In 1990, I had the great opportunity to lead professional development at the world’s first “laptop” schools. Australia’s Methodist Ladies’ College and Coombabah State Primary School were the first schools anywhere to embrace 1:1 computing. MLC is a large independent school that committed to 1:1 computing in 1989. Coombabah is a public school and often overlooked for its place in edtech history. The efforts of the teachers at both schools changed the world and I am enormously proud to have played a major role in that effort.

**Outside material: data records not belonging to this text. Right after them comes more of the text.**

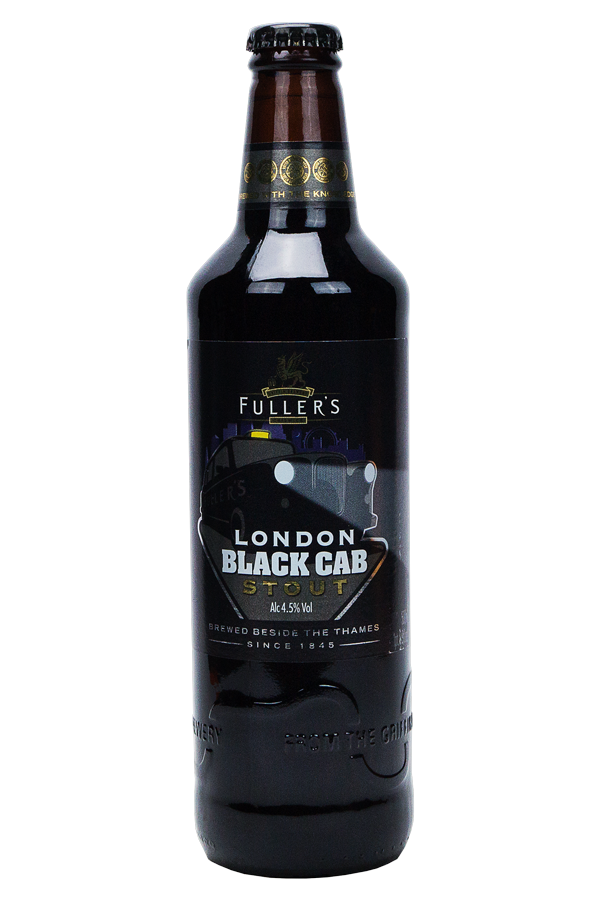 Black Cab Stout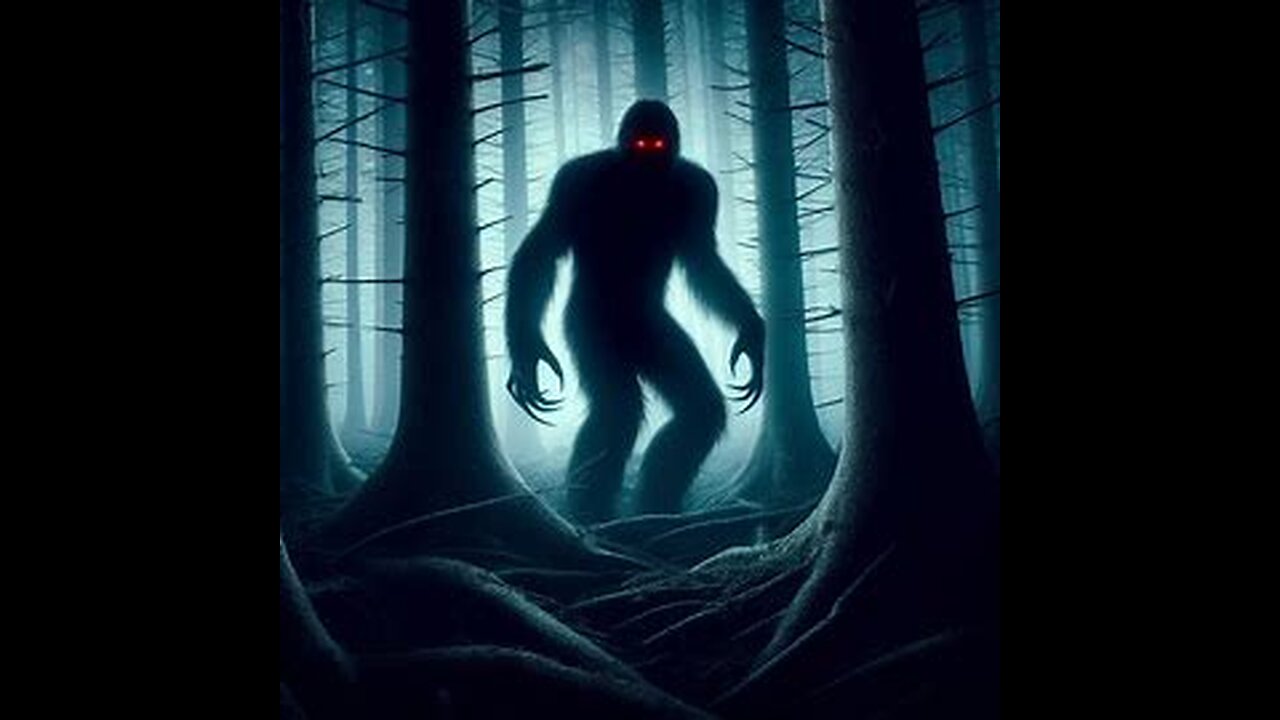 The mysteries of BIGFOOT!!!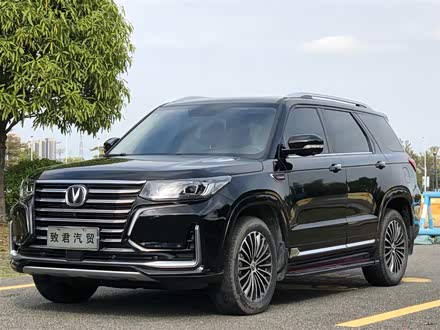 长安CS95 2019款 2.0T 两驱豪华型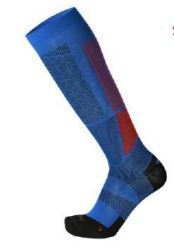 Mico M1 Medium Weight Ski Socks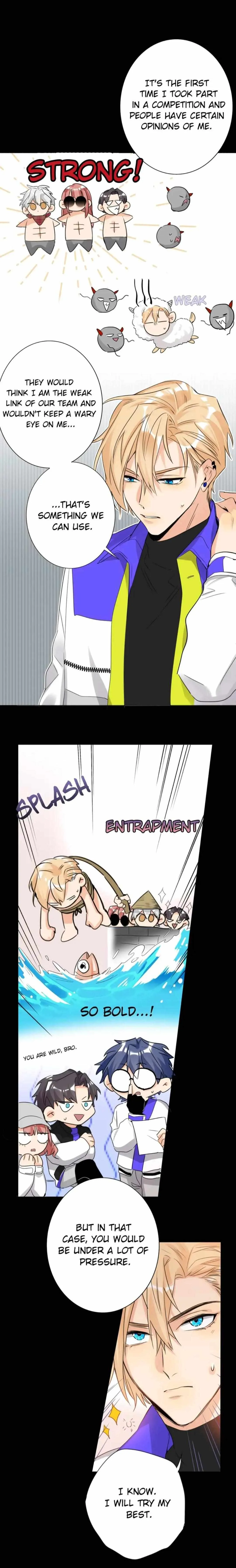 Read Double-Faced Anchor chapter 84 image 6 on Lezhin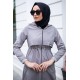 Coat - Grey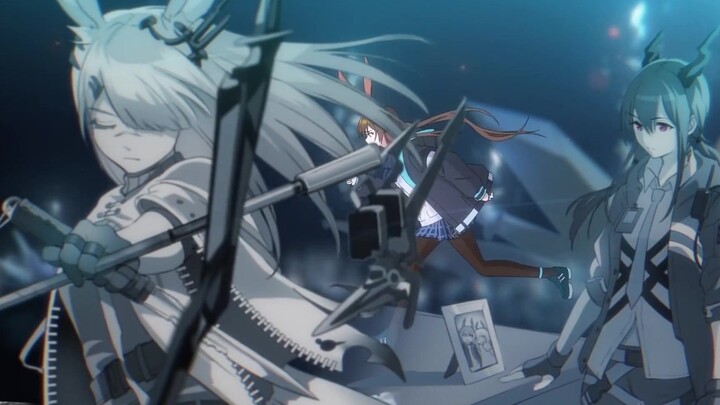 [Arknights International Official Animation PV] Come to Light (Chapter 7)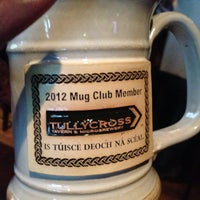 Foto tirada no(a) Tullycross Tavern &amp;amp; Microbrewery por Drew M. em 5/11/2013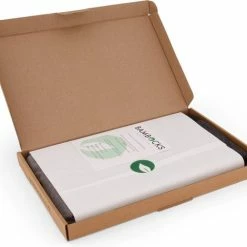 Bambocks Bamboe Sokken 4 Paar Wit -Exporteren beenmode winkel 550x470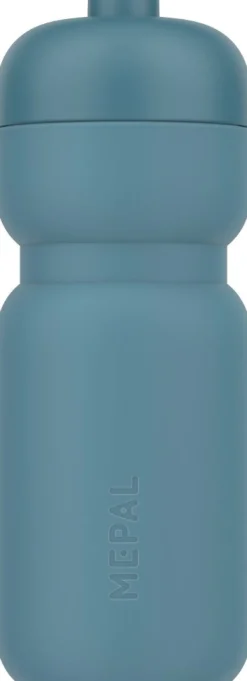 Mepal sportbidon Squeeze blauw 600 ml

In the early 1990s, I spent months working at MLC, and then numerous other schools eager to embrace 1:1 and the constructionist principles demonstrated by this pioneering school. In 1993, the MLC faculty and principal wrote a book to share their expertise, philosophy and wisdom with educators in other schools. I hope you find the nearly twenty year-old learning stories, recommendations and tips useful to you. I especially call your attention to the audacity of embracing 1:1 computing more than 20 years ago and the fact that laptops were a way of bringing Papertian constructionism to life.
The book, Reflections of a Learning Community: Views on the Introduction of Laptops at Mlc by Methodist Ladies’ College is long out-of-print and sadly removed from the Web where it resided for several years. As a public service to researchers, educators and historians (and with the help of the Wayback Machine) I am able to share the complete book here. Check out how hip the title of this book is for 1993, since “learning community” has just became all the rage more than twenty years later!
With any luck (and lots of effort) I will soon be able to publish the first doctoral dissertation evaluating the efficacy of 1:1 computing, originally published in 1995!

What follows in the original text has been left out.